__Your goal__.
Among the records below, find the line that has "lesbian wedding in Savannah"; from there, give the lines again exactly, and stop after the line that has "Fokker TroopshipUS Armee-Fallschirm-Team".

__Given data__.
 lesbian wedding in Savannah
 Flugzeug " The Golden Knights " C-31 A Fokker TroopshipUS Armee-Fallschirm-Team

* * *

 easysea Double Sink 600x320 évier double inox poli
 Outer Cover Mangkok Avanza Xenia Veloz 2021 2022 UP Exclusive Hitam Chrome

==

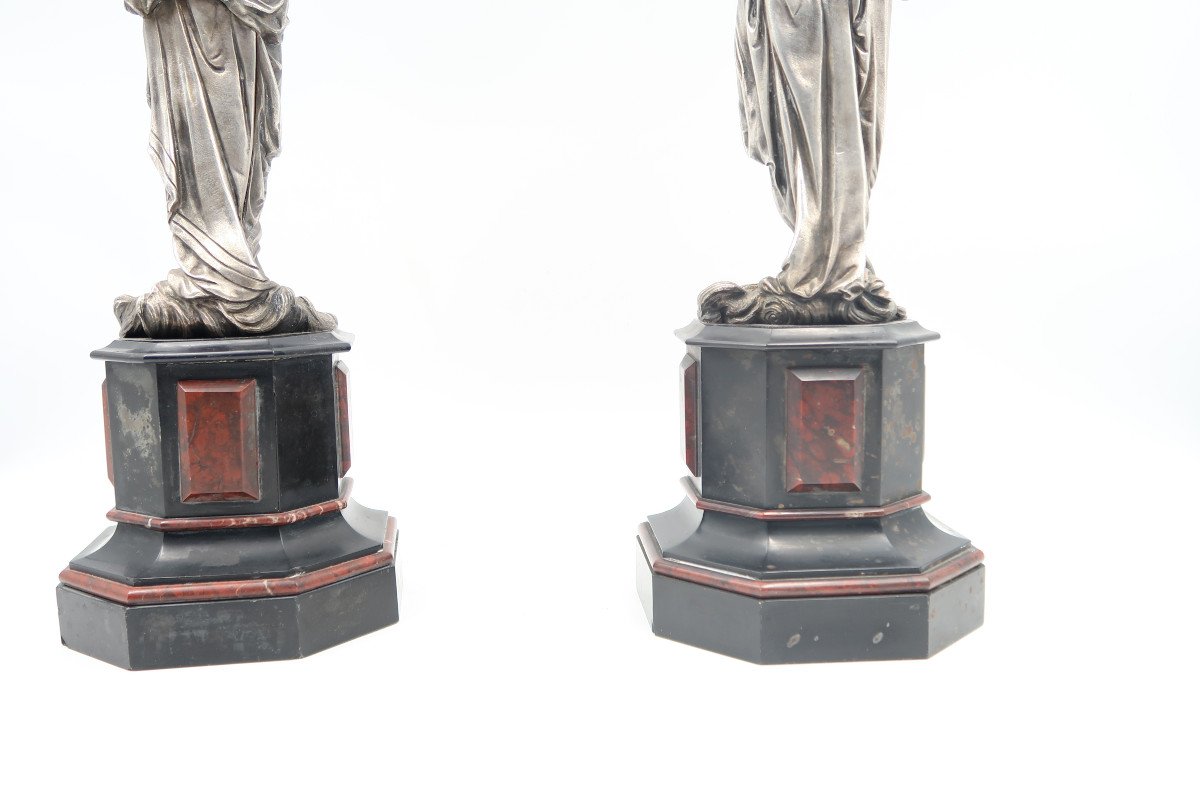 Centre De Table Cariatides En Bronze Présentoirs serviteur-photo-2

__Solution for this task__.
 lesbian wedding in Savannah
 Flugzeug " The Golden Knights " C-31 A Fokker TroopshipUS Armee-Fallschirm-Team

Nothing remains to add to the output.